I wasn't- and still am not, to a certain extent- what you'd call a well-traveled person by the time I got to college. In 1996, I was working on a sitcom for a student tele-vision group at Michigan State. The group had a couple of shows nominated for awards at this national conference, in Providence, RI, so a bunch of us loaded up a couple of rented vans and headed out there. It was the first time I'd even been out of the tri-state area around Michigan, so definitely my first visit to the east coast. We hit Boston first and I loved it- actual urban denisty, buildings and parks that had been around for ages- an actual, honest-to-god city. My having to drive a van out of the city at rush hour didn't even dim my enthusiasm about it. We got to Providence late-ish and most of us were just going to just hang out in our rooms, watching tv or whatever, but Shaun McNally asked the front desk folks who was playing nearby. Turns out, there was this band called Morphine, playing at Lupo's Heartbreak Hotel (in a different location now), a club downtown. I was kind of not feeling like it, he insisted we all go and so we did.

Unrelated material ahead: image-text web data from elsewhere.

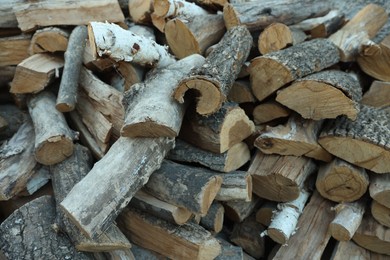 Photo of Pile of cut firewood outdoors, closeup view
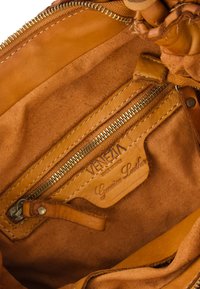 Brown leather handbag interior featuring a zippered pocket, labeled "VENEZIA," with a soft fabric texture and reinforced stitching details.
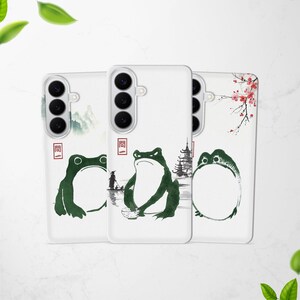 Può includere: Tre custodie bianche per telefono con un design di ispirazione giapponese. Ogni custodia presenta una diversa illustrazione di rana verde, con elementi come una pagoda, fiori di ciliegio e una barca. Le custodie hanno una finitura lucida e un ritaglio per la fotocamera.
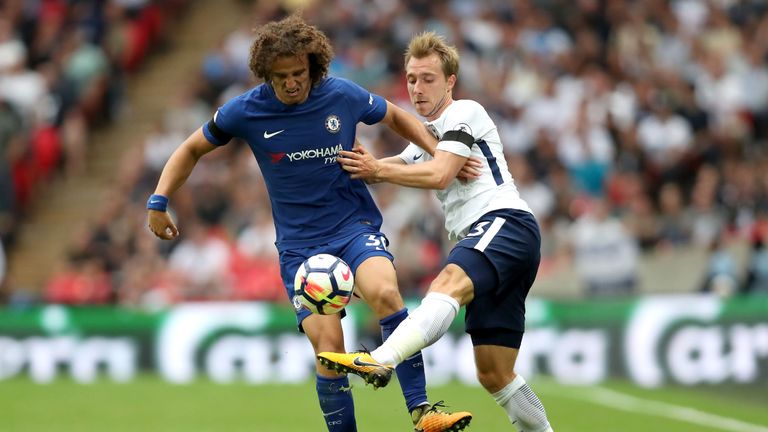 LONDON, ENGLAND - AUGUST 20: David Luiz of Chelsea and Christian Eriksen of Tottenham Hotspur battle for possession during the Premier League match between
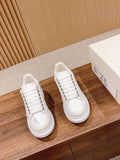 Pair of white Alexander McQueen sneakers, lace-up with chunky sole
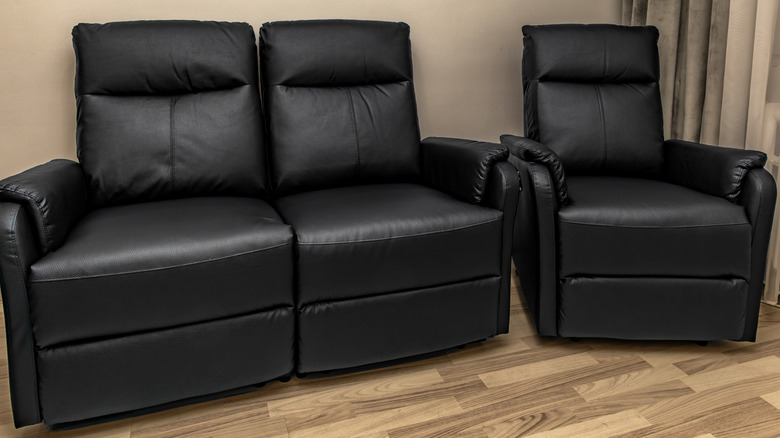 A sofa recliner and single recliner next to each other.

We were a few blocks away- walking at night through Providence's downtown, I loved it- walking the streets of an old, dark city, going to some club- very hayseed-in-the-big (Providence?)-city, but hey, it was my first time. It's always exciting your first time. Then, once we got there, I one of the best live shows I've ever seen, largely because I'd never heard of these guys before and was completely blown away by them. Every song, every note, just amazing. We walked around some more afterward, hit a bar, then back to the hotel. The following night, after the banquet and award show (hosted by Jeffrey Ross, oddly enough), everyone was hanging out in one of our hotel rooms and I just decided to head out for a walk on my own. It was about ten or eleven and I kind of had no idea where I was going, exactly, just wandering over near where we'd been the night before, a few areas I'd seen during the day with bars and junk, just loving it- loving walking around this old city. There was a line at this pizza place, I grabbed a slice and that's kind of when I decided that I really, really loved this- a city. An old, east coast, dense city, with the buildings and alleys and litter and the river and the crime and the mob and everything else.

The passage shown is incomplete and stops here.